The first task would be to define and amplify the meaning of transgressive. It is imperative that in this unit all students are able to identify the transgressive speech in the scene. As in Sesame Street, there is the word of the day; and it is, you guessed it,
. This may actually be the easy part of this curriculum for your students. As they begin to understand the idea of transgressive behavior the light bulb should begin to click on and they will be able to comprehend so much more. I would suggest setting up a few scenarios as practice examples so that the class is all on the same page.
Michael told his teacher he had a huge surprise in his pocket, something he could definitely get in trouble for by showing a teacher. Even his mother told him that it was his personal business and that’s for him and only him, not to be taken out and shown to anyone especially at school. He told his teacher it’s something that makes him very happy, and that he likes to play a game with it. Michael’s teacher was shocked and appalled. She was stunned at what she just heard but knew that what she heard warranted a trip to the principal’s office. Once Michael arrived at the principal’s office, Michael’s teacher told him to tell the principal what he was describing in his pocket. A very nervous Michael blurted out, “I wasn’t going to take my phone out, I swear. I was just telling my teacher how I like to play games on it. How is that wrong?” The confused teacher stared back at the principal who did not quite understand the visit. Michael’s teacher quietly mumbled, “I thought he was talking about something else.”
“Jumping to conclusions,” right or wrong, does not seem to be the same thing as transgressive verbal or corporal action. What about Michael telling the teacher that he knows he should keep what’s in his pocket to himself and would do so “unless someone started a fight and I need to take it out to get a better shot.” Michael might mean “to take a picture in focus” while the teacher assumed Michael had a gun. Crucial to a discussion of transgressive speech is consideration of whether the transgressive meaning was intended or only belatedly understood.
In a photography class “to get a better shot” might be immediately understood to refer to camera work, while in home room Michael’s phrase might be transgressive talk (intended or not); pulling Michael’s hands back and reaching into his pockets is decidedly transgressive
The transgressive speech in this situation involves Michael describing something inappropriate in school and others jumping to conclusions.
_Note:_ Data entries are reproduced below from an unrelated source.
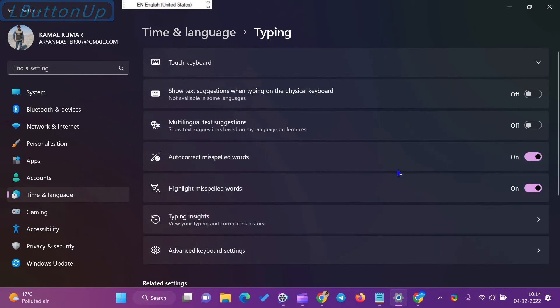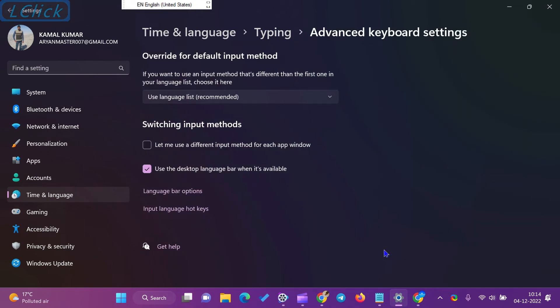Then, click the Advanced Keyboard Settings tile on the Typing settings. In this window, check the option Use the Desktop Language Bar when available.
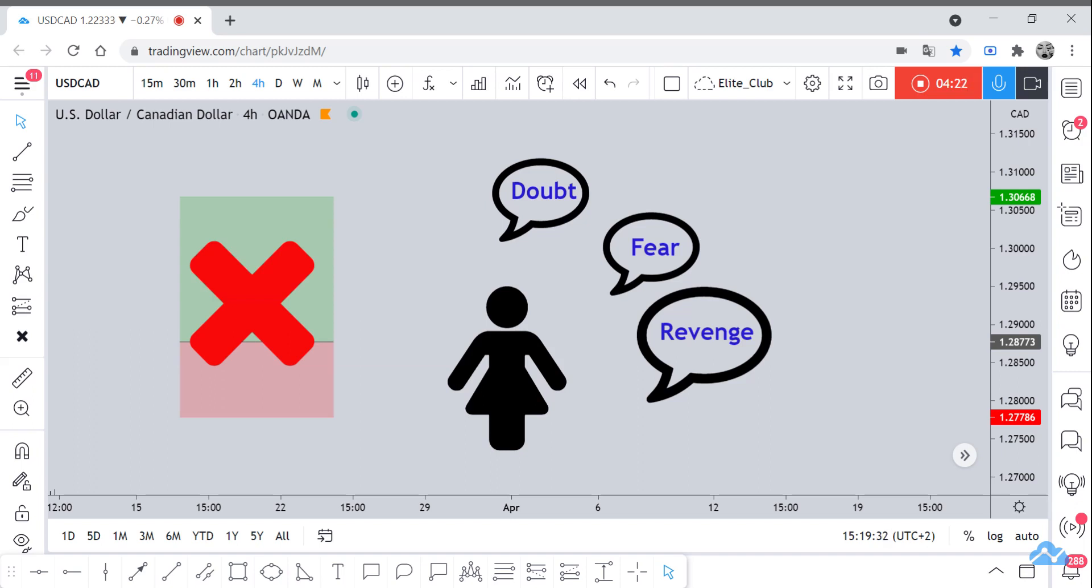And you want to enter another trade and another trade just to get revenge and to get back your money. This is not how it happens in the market. First, do not take it personally at all. In the market, you should know that anything can happen. Your trade, actually, you put a stop loss because it might hit your stop loss. You put it because it can hit the stop loss.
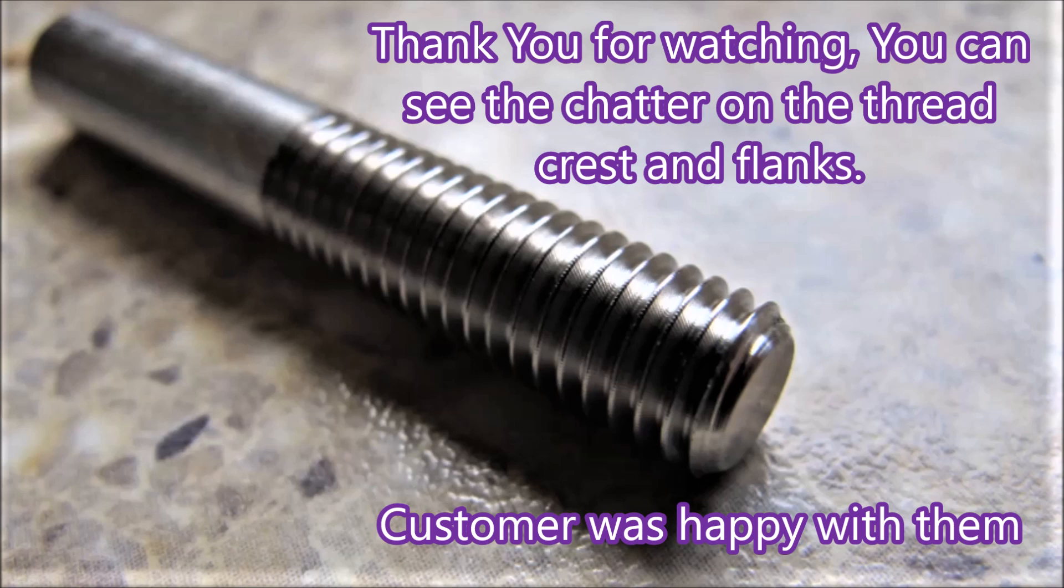There you can see the chatter marks on the part, but the customer was happy with them. And really that's what I was making the part for. So thank you for watching.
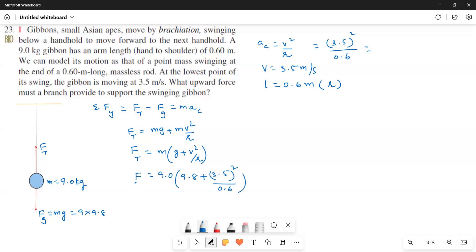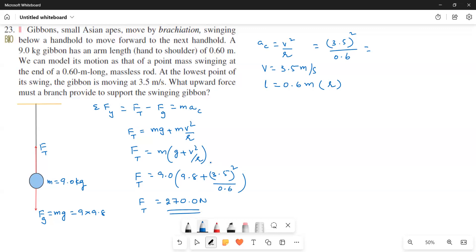So the upward force he is asking, the upward force. Upward force is nothing but the f tension. So f tension is equal to 270 newtons. This is the answer for this question. That is the upward force a branch must provide to support the swinging gibbon. This is the answer for this question. Thank you.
You can use this example or something similar but it shows something that many of us do on a daily basis. We tend to get that foot of ours stuck in our mouths and then have to hop around on one foot trying to get it out.
Your students should come up with a few examples from their everyday lives to connect to transgressive speech. Allowing them the opportunity to share their own experiences makes the lesson more personal and will allow them to be open to hearing more about the behaviors Shakespeare has written for us. The more personal connections we find, the easier it is for us to take down the wall between Shakespeare and us.